Collected data
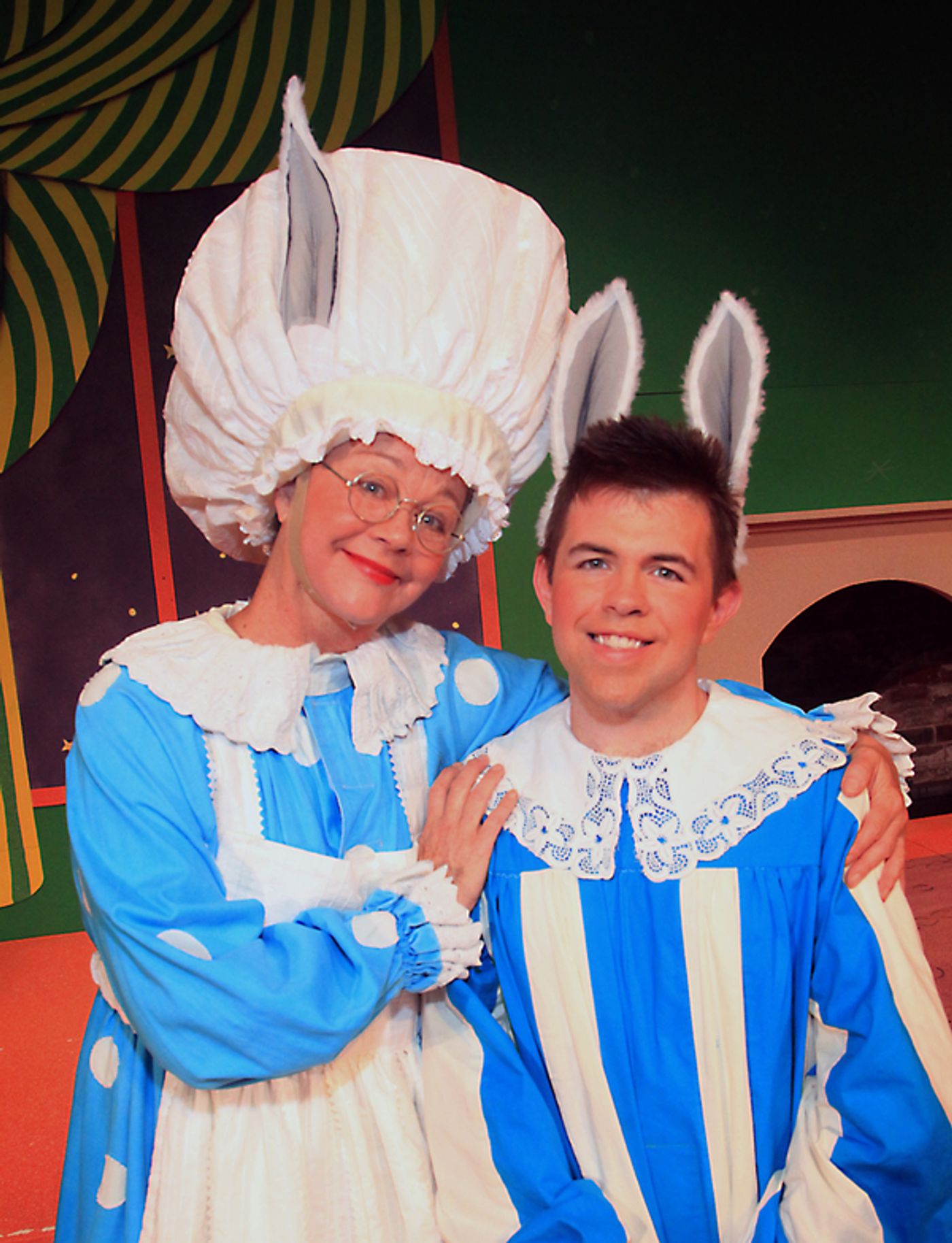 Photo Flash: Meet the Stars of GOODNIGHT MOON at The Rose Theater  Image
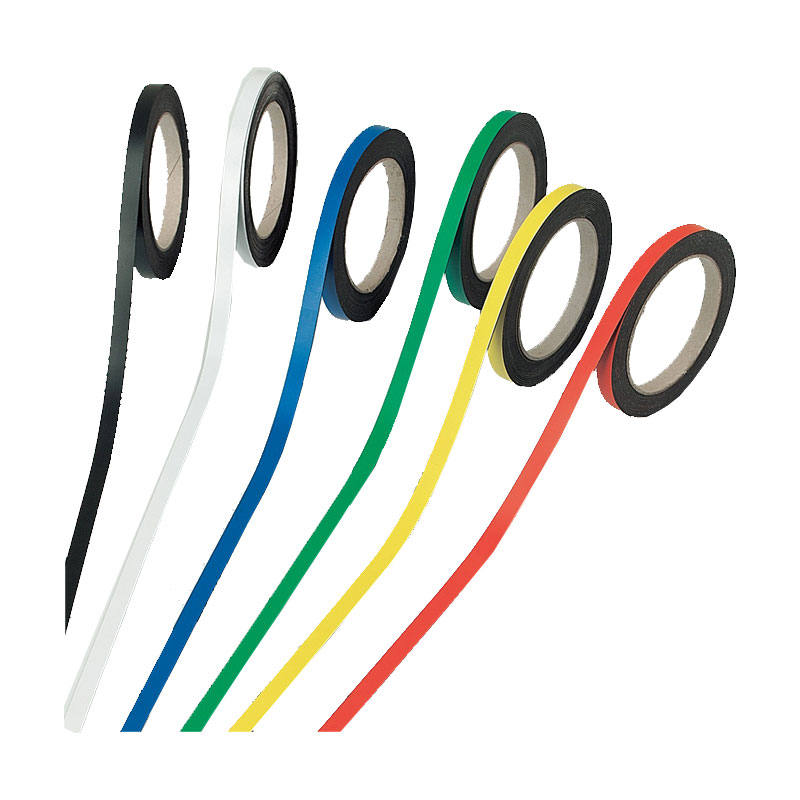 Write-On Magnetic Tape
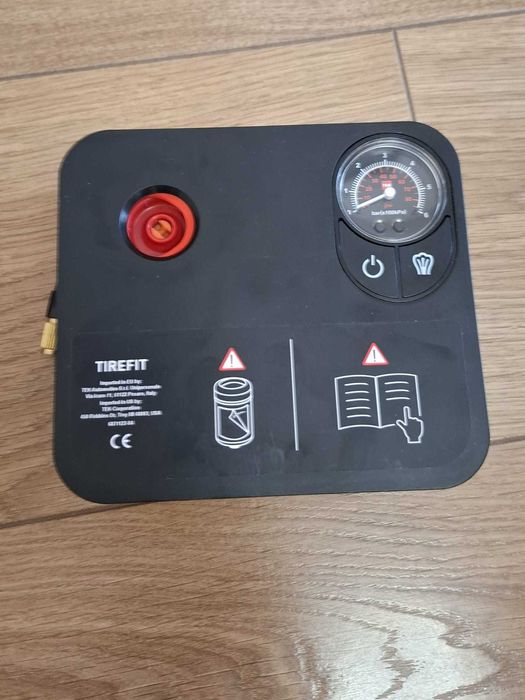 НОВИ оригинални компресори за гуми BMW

Your assignment
Restate the listing above word for word. Leave the images out.

Result of this task
 Photo Flash: Meet the Stars of GOODNIGHT MOON at The Rose Theater  Image
 Write-On Magnetic Tape
 НОВИ оригинални компресори за гуми BMW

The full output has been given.